If you want a sense of how fraught US-China relations are, consider this: a balloon just derailed a diplomatic summit.
Okay, not just any balloon — a surveillance balloon that belongs to the People’s Republic of China, and is currently drifting through US airspace. Its presence has led to Secretary of State Antony Blinken indefinitely postponing a planned meeting with Chinese President Xi Jinping.
The Chinese government has confirmed the balloon is theirs, though it claims it’s “mainly civilian” and studying the weather. The wind, China says, blew the balloon off course, which sounds like a thing that happens to balloons, except, these must have been very specific winds that just happened to carry the balloon over some “sensitive sites,” as the Pentagon put it. Specifically, the balloon was spotted in Montana, which is home to one of three nuclear missile silo fields. The Pentagon has also said the balloon is “maneuverable.”
Which is why the US apparently rejects China’s innocent explanation and has called the presence of the balloon in US airspace “a clear violation of our sovereignty, as well as international law, and it is unacceptable that this has occurred.”
The US also nixed this highly anticipated meeting between Blinken and Xi in Beijing, a sign of just how fragile the relationship between Beijing and Washington is right now. There have been spy balloons before, and there are more stealth ways to surveil and spy — which everyone, the US included, is doing. But this one slow-moving setback has derailed even the most basic efforts at dialogue. Add to that the US political jockeying over the Biden administration’s China policy, and of course, this balloon thing would, well, blow up.
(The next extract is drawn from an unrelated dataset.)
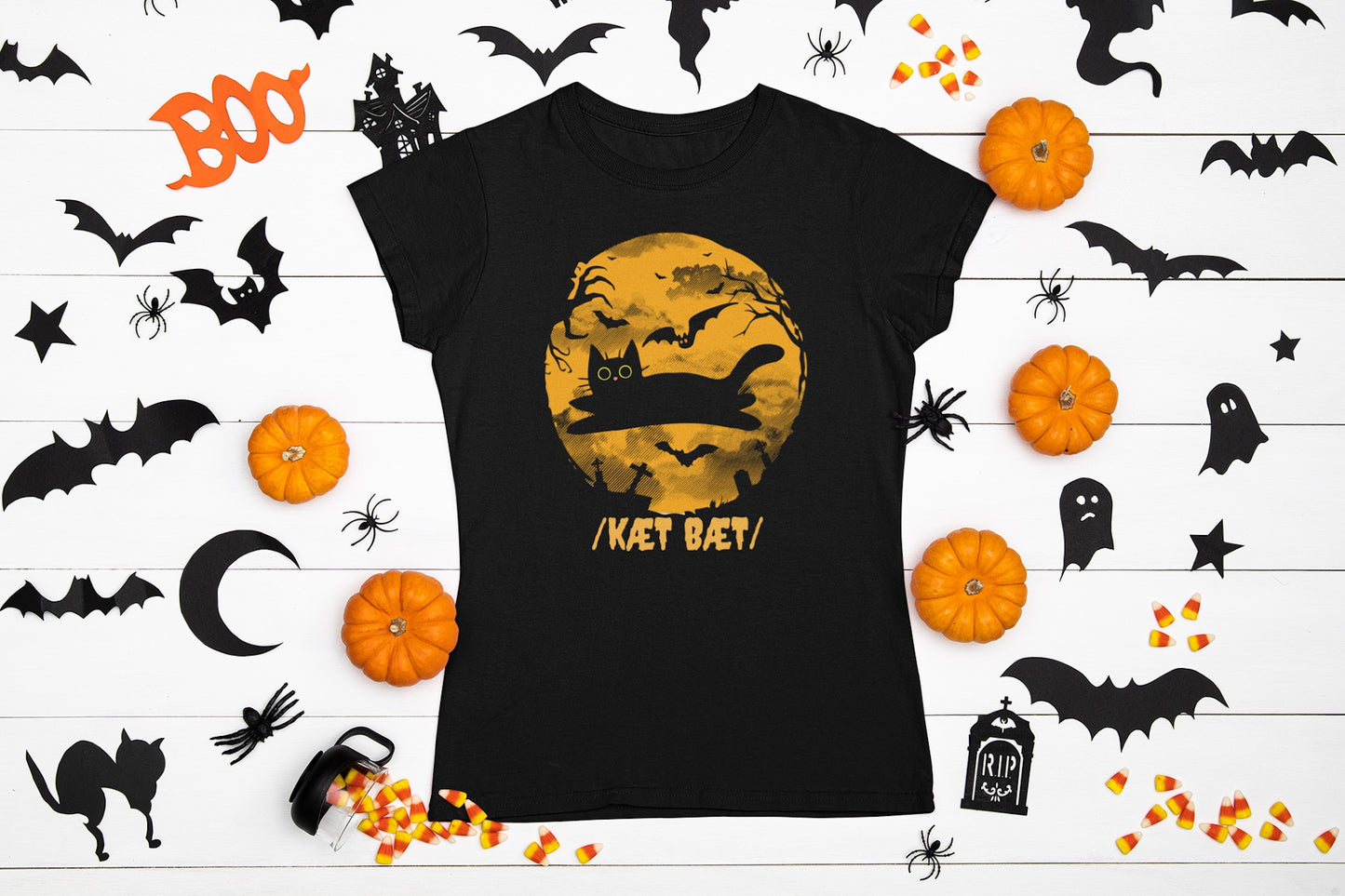 Spooky Phonetic Cat Bat Halloween T-shirt for SLP / SLPA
The spy balloon is still hanging out over the US, but this isn’t the thing you should worry about
Right now, the balloon is still over the United States at an altitude of about 60,000 feet. (For reference, planes fly at about 35,000 feet.) The surveillance equipment alone is about the size of two to three school buses, officials said, with the balloon part being even bigger. Pentagon officials said Friday it’s “somewhere over the center” of the country, heading east, and they expect it to hang around for another few days.
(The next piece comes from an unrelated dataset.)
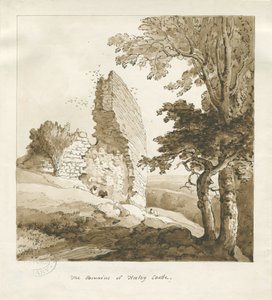 Audley - Zamek Heeley: rysunek w sepii autorstwa Thomas Peploe Wood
The Pentagon has said it is not a military or physical threat, and a senior defense official said in a briefing Thursday that, based on what the US can tell, “it does not create significant value added over and above what the PRC is likely able to collect through things like satellites in Low Earth Orbit” — that is, Beijing is not really getting the good stuff. The US is still taking additional steps to lock down information, but has said it has ruled out shooting it down because the resulting debris could cause even more damage than the balloon itself.
But the US’s firm response, and China’s likely obfuscation, show just how unstable this relationship is. Neither Washington nor Beijing has a clear sense of how to communicate or deconflict, and doesn’t even have many channels to regularly practice doing so. That ambiguity makes a miscalculation or an escalation more likely. As China seeks to build its power abroad, and the US seeks to contain or restrain it, the possibility of close calls or misunderstandings will build with it. And not every miscommunication might be so low-stakes. This was a slow-moving balloon, after all, not, say, a near-collision of military aircraft.
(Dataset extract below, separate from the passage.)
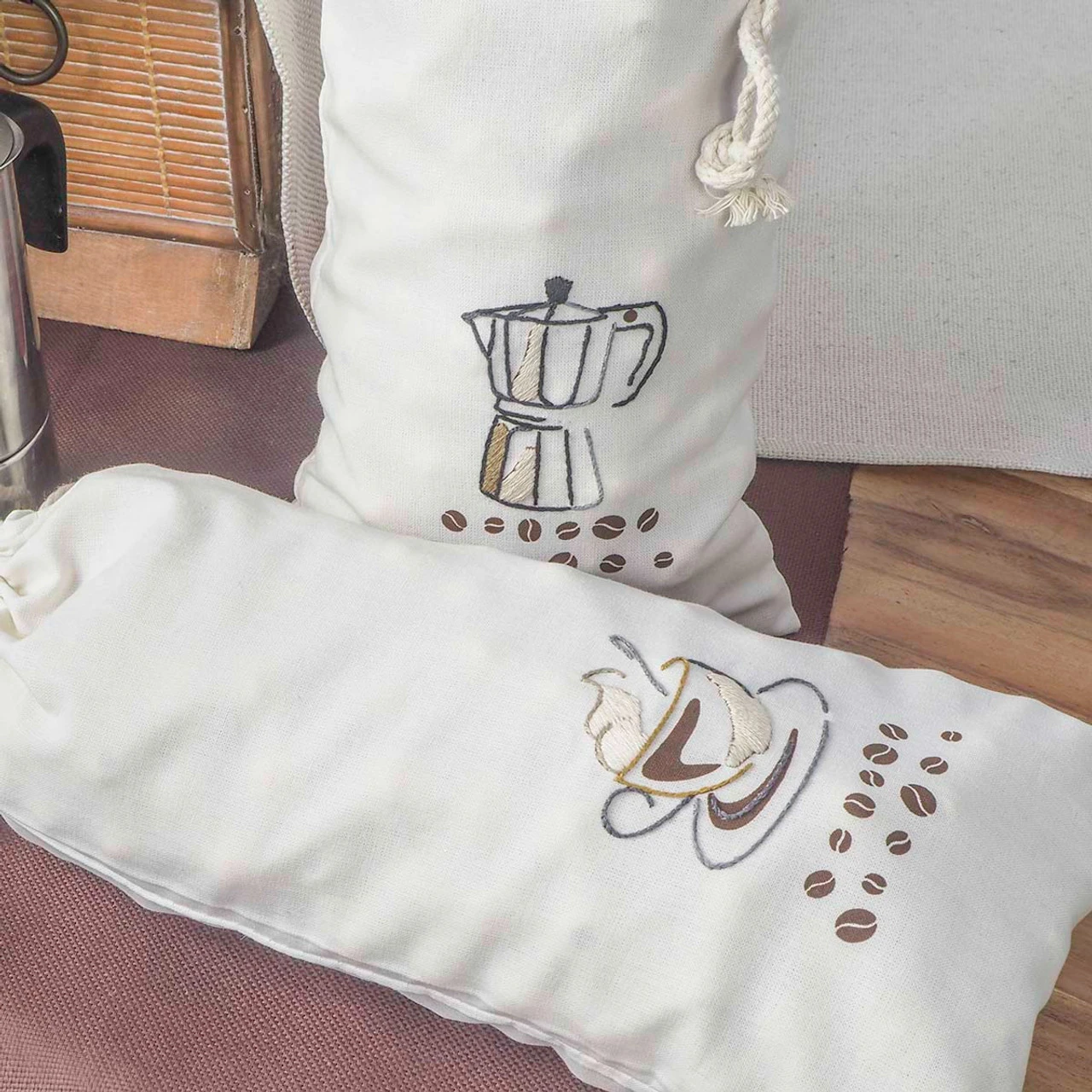 Herrschners Coffee & Cappuccino Bags Stamped Embroidery Kit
This is exactly what Blinken’s trip to Beijing was supposed to help fix. His visit was meant to stabilize the relationship and build off the November summit between Biden and Xi in Bali that at least offered a glimmer of hope that the two powers wanted to find ways to engage. A senior state department official said in a Friday briefing that it had no timeline to reschedule Blinken’s trip, but that the US felt if Blinken went to Beijing now, “it would have significantly narrowed the agenda that we would have been able to address.” In other words, they’d just talk about the spy balloon, like everyone else.
The polarized US domestic climate is also complicating this. Biden, like his predecessor Donald Trump, has maintained pretty hawkish policies on China, including keeping Trump tariffs in place; curbing the sale of semiconductor technology and getting allies and partners to do the same; and continuing to strongly back Taiwan.
Still, Republicans, in particular, have accused the Biden administration of being insufficiently tough on China. Many leaders seized on the balloon incident as an example of the administration’s failings. “China’s brazen disregard for U.S. sovereignty is a destabilizing action that must be addressed, and President Biden cannot be silent,” Speaker of the House Kevin McCarthy tweeted.
The growing hawkishness toward China is clouding the US’s reality and foreign policy response. As long as the US sees China as a threat — and a direct threat to the United States — then a seemingly low-stakes spy balloon can become a national security crisis. There are legitimate security concerns about China’s surveillance tactics, and what it is doing with the information gathered — but honestly, the Chinese Communist Party doesn’t need a balloon for that, just maybe your cellphone.
None of this bodes well for any easing of tensions between the US and China, and this incident shows that, right now, Washington and Beijing are struggling mightily to make those tensions more predictable and manageable.